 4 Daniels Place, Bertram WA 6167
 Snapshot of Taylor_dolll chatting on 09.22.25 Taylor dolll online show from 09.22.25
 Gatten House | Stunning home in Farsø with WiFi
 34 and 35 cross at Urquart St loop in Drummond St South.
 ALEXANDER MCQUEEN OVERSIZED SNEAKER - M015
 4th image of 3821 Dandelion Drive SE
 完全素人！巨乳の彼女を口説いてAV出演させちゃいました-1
++++++++++
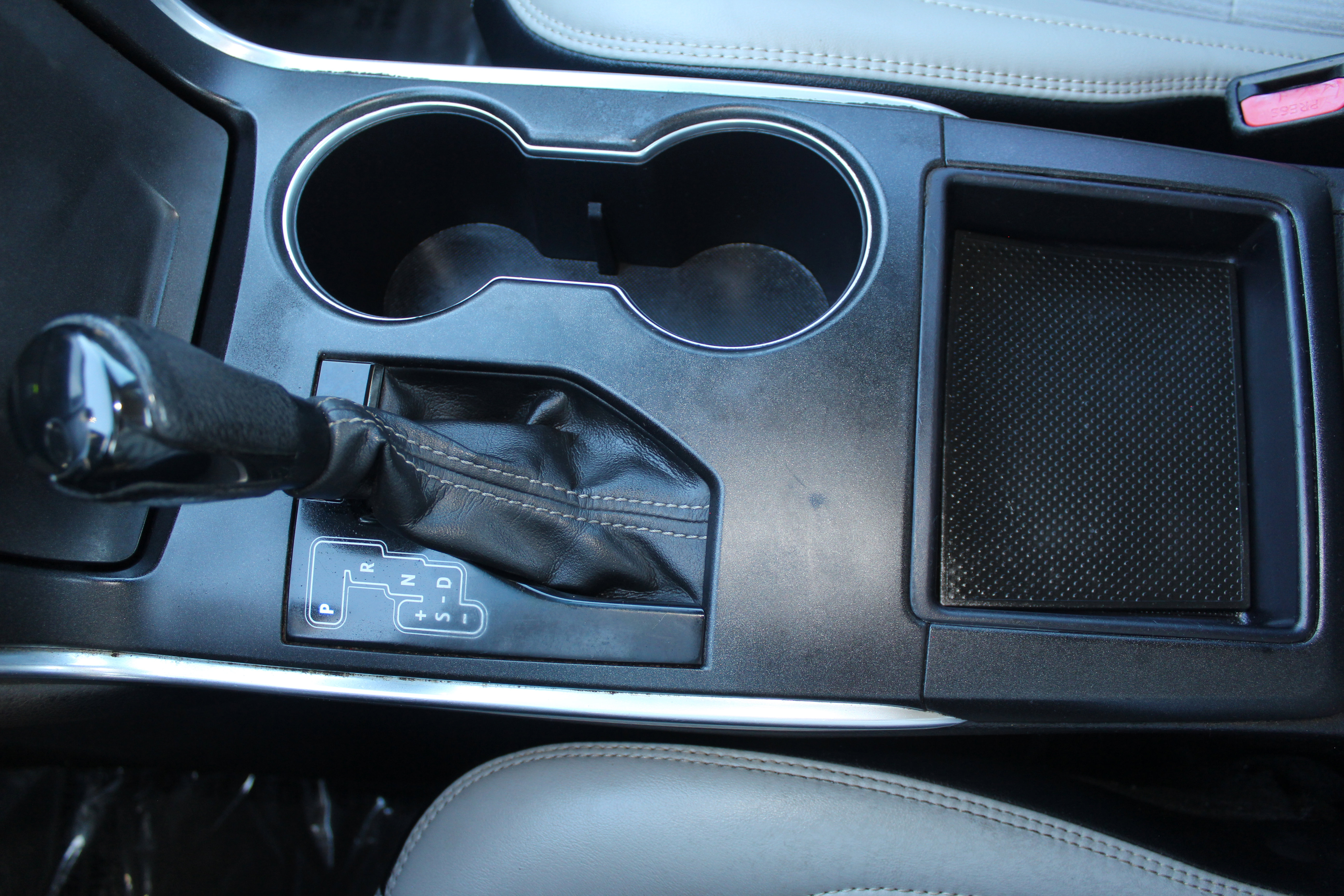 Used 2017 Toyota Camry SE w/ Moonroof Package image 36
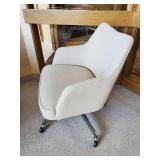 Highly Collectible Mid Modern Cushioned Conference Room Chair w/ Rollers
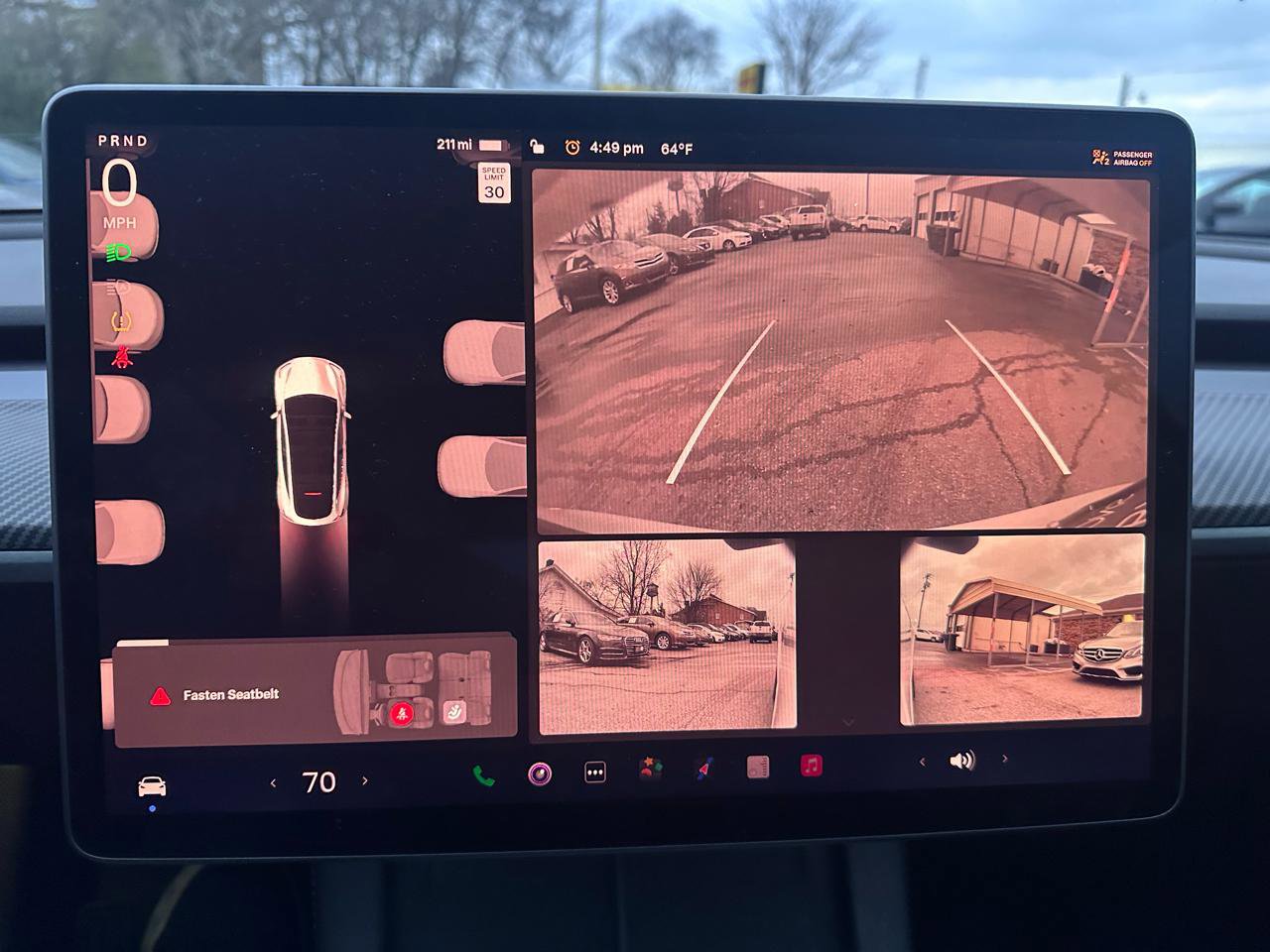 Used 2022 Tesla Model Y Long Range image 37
++++++++++
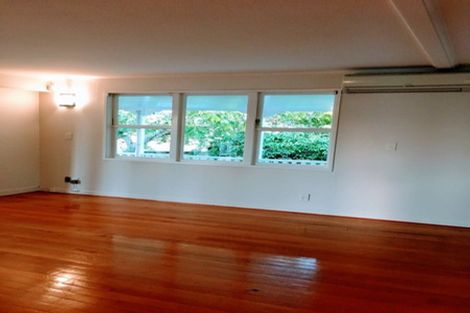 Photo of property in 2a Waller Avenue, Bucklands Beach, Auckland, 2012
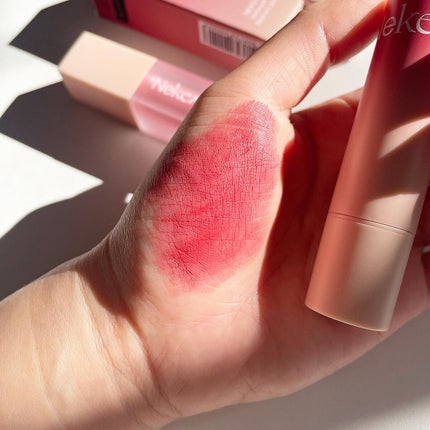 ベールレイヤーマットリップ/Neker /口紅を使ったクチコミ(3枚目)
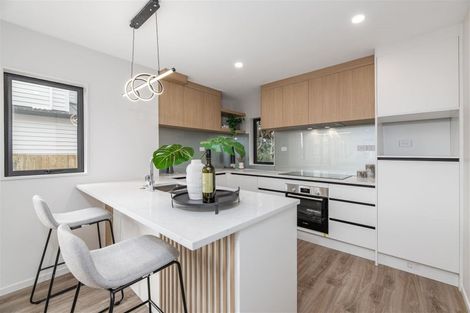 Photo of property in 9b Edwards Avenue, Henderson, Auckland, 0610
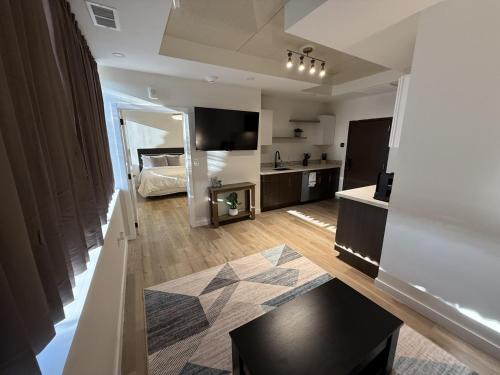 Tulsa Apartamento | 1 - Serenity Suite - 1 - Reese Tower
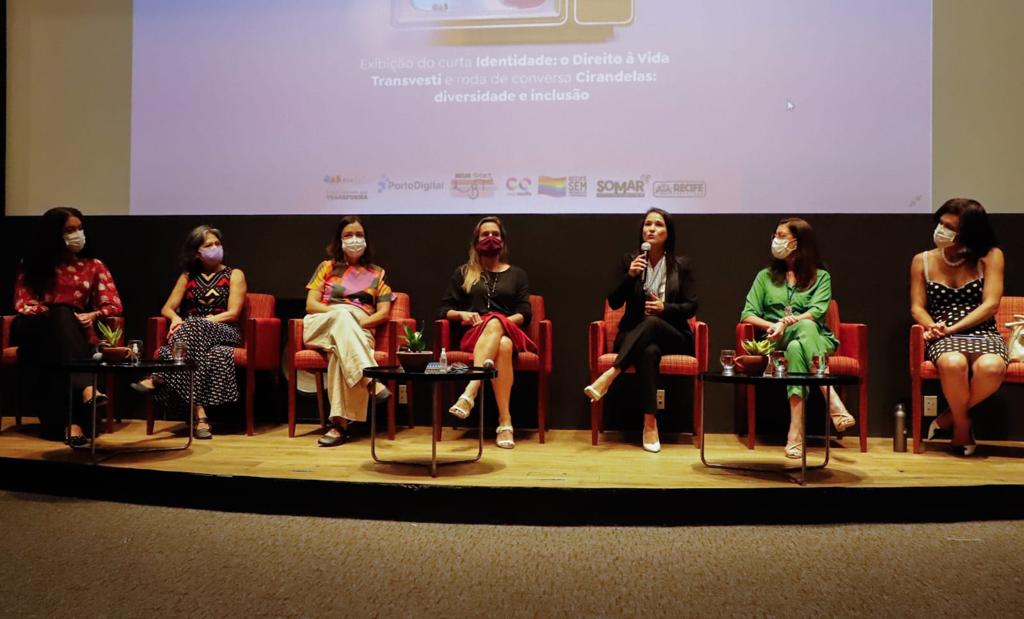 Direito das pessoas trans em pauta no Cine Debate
++++++++++
What you write must match the listing exactly, from the line with "Photo of property in 2a" up to and including the line with "Direito das pessoas". Pictures stay out.

 Photo of property in 2a Waller Avenue, Bucklands Beach, Auckland, 2012
 ベールレイヤーマットリップ/Neker /口紅を使ったクチコミ(3枚目)
 Photo of property in 9b Edwards Avenue, Henderson, Auckland, 0610
 Tulsa Apartamento | 1 - Serenity Suite - 1 - Reese Tower
 Direito das pessoas trans em pauta no Cine Debate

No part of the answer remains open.